Searching for the Salvator in British archives, Dalivalle thumbed through reams of rarely-consulted documents on thin, yellowed paper, written in faded brownish ink. Under the vaulted sixteenth-century timber ceiling of the Duke Humfrey reading room in the Bodleian Library in Oxford, where each panel is painted with an image of an open book, she pored through manuscripts. She ordered obscure volumes in the Rare Books department of the British Library, the quietest reading room of them all. She went to the archives of the Houses of Parliament, placing old bound volumes of their proceedings and reports between triangular wedges of grey foam so the books could not open flat, to protect their thick spines from damage. She examined bundles of documents in the archives of the royal family.

She hunted through inventories in which Leonardo da Vinci could be written as ‘Leonard’, ‘Leonardus’ or ‘Lionard’, and Vinci as ‘Vince’, ‘Vincia’ or ‘Vinsett’, and in which there was always the risk that his authorship had been mistaken for that of another Italian Renaissance artist like Raphael, Correggio or Zambelin – a strange spelling for Giovanni Bellini. She worked on these complex materials over several years to assemble the illustrious provenance for the Salvator Mundi, which would lead to the auctioneer at Christie’s confidently beginning his sale: ‘Lot 9b. Leonardo da Vinci. Salvator Mundi, Saviour of the World. The property of three English Kings, Charles I, Charles II and James II.’

Margaret Dalivalle declined a face-to-face meeting, but we exchanged many emails. She wore her learning a little heavily, to coin a phrase, and was defensive about what she had discovered, which, she said, would be published for the first time in a forthcoming, long-delayed peer-reviewed book. The fact is, a colleague of hers explained to me, her hopes for a permanent university post are dependent on this research, to which she has devoted the last eight years, entirely self-funded.

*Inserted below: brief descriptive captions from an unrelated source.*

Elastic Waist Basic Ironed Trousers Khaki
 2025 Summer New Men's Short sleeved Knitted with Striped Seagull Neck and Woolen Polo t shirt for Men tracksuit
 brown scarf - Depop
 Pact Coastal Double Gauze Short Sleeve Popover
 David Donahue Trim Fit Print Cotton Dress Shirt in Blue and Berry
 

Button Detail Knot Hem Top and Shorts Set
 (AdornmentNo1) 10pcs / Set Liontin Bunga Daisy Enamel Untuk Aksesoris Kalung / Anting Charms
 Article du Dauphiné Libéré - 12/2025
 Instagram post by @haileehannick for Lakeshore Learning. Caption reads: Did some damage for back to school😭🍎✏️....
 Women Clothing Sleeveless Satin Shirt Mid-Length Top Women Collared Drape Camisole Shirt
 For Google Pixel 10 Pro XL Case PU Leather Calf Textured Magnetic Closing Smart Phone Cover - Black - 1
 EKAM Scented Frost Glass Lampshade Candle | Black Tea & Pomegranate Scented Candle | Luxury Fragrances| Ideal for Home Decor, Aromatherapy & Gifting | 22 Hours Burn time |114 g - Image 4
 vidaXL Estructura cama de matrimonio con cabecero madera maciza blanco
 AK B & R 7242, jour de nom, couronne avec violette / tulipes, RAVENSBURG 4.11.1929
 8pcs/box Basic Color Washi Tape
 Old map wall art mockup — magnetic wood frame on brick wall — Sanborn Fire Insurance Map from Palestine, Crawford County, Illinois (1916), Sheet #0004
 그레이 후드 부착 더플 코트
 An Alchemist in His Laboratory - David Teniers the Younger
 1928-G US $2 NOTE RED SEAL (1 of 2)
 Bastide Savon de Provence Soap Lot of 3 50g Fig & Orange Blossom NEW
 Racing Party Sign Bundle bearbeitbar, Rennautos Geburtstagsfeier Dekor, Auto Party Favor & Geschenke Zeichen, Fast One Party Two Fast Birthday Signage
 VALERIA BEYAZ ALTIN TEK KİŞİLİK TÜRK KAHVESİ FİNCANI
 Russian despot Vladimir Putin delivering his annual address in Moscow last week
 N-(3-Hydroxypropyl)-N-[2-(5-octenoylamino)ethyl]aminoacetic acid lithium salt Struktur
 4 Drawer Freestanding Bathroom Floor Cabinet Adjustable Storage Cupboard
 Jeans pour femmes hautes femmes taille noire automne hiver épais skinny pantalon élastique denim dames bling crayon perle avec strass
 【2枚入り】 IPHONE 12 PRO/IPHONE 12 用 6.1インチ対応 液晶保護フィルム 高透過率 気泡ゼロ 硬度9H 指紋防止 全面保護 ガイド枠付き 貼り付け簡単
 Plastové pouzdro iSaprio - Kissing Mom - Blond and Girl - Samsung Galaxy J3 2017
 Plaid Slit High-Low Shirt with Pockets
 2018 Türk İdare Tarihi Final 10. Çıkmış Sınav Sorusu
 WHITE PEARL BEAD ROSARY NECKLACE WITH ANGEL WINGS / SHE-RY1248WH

I learned from Dalivalle how much pride she took in the skills required for her research, and how wary she was of the layman’s ability to understand the intricacy of her subject. Individual facts, she advised me, did not matter much on their own in provenance research; one had to consider the whole construction. That was good advice, which could be applied, in ways Dalivalle did not intend, to the broader framework of the Salvator Mundi project. Dalivalle’s work on the Salvator cannot escape the over-arching context of its origin, which was one of commercial interest in a certain outcome. She was given her task over a decade ago by a dealer who wished to sell his painting as a Leonardo, and had been recommended by a professor of art history who had nailed his colours to this cause.

Since its beginning, the art market has always monetised scholarship. It is the scholars who appraise a work of art, and it is customary – quite rightly so – to pay them for their opinions. Museum boards have always been stuffed with wealthy patrons who privately collect works by the same artists that the museum supports. Dealers have always hobnobbed with curators of public collections – the former relish the prestige of selling to a public institution, the latter revel in the excitement of a new discovery. The danger that scholarship can be compromised by showmanship and salesmanship has always been clear and present in the arena of art history. In the case of the Salvator Mundi, such familiar interrelationships were built into the project in a particularly intimate and perilous manner.